Judy: As an industry expert, do you feel that education is moving in the right direction?
Chuck: I think there are a lot of positives. Asking hard questions is where you start to find answers. We as Americans have asked a lot of hard questions, and we’re focused on serving our kids better. It’s absolutely essential. In terms of the data and measurement put in place over the last several years, I get it. I understand that the metrics of an organization are critical. I operate that way from a business standpoint, but it can also go too far. Education has to inspire kids to want to learn, not to be terrified to take another test. Testing is important, but I hope it doesn’t go too far.
Judy: What are your future plans for Guide K12?
Chuck: We’ll always have more to do. We have new features in the planning stages now, such as early warning notification of noncompliance so that the product can find issues proactively.

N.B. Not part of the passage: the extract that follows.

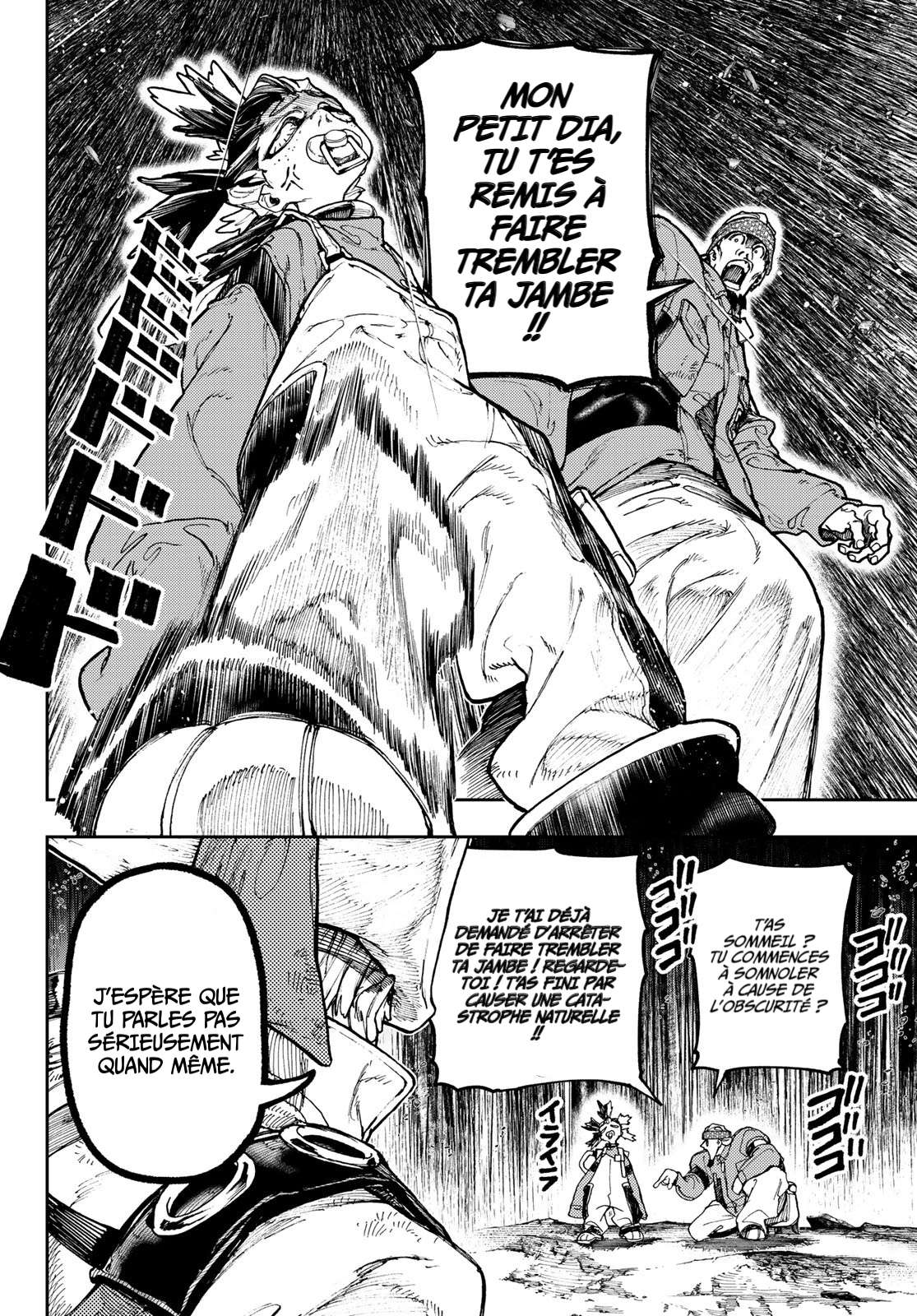 Read Gachiakuta FRANCAIS Manga Online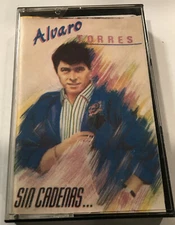 Alvaro Torres - Sin Cadenas Cassette 1984 WEA Latina - WL71394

But just as important is helping districts understand how GuideK12, geovisual analytics can benefit them right now. The potential is huge. Just one simple example, if a school was affected by a natural disaster such as a hurricane or a tornado and the building could not be used temporarily, reassigning the students in a thoughtful, yet efficient manner could be done in a matter of a few clicks. We continue to hear from customers new applications of the possibilities they see once we bring their data to life through visualization.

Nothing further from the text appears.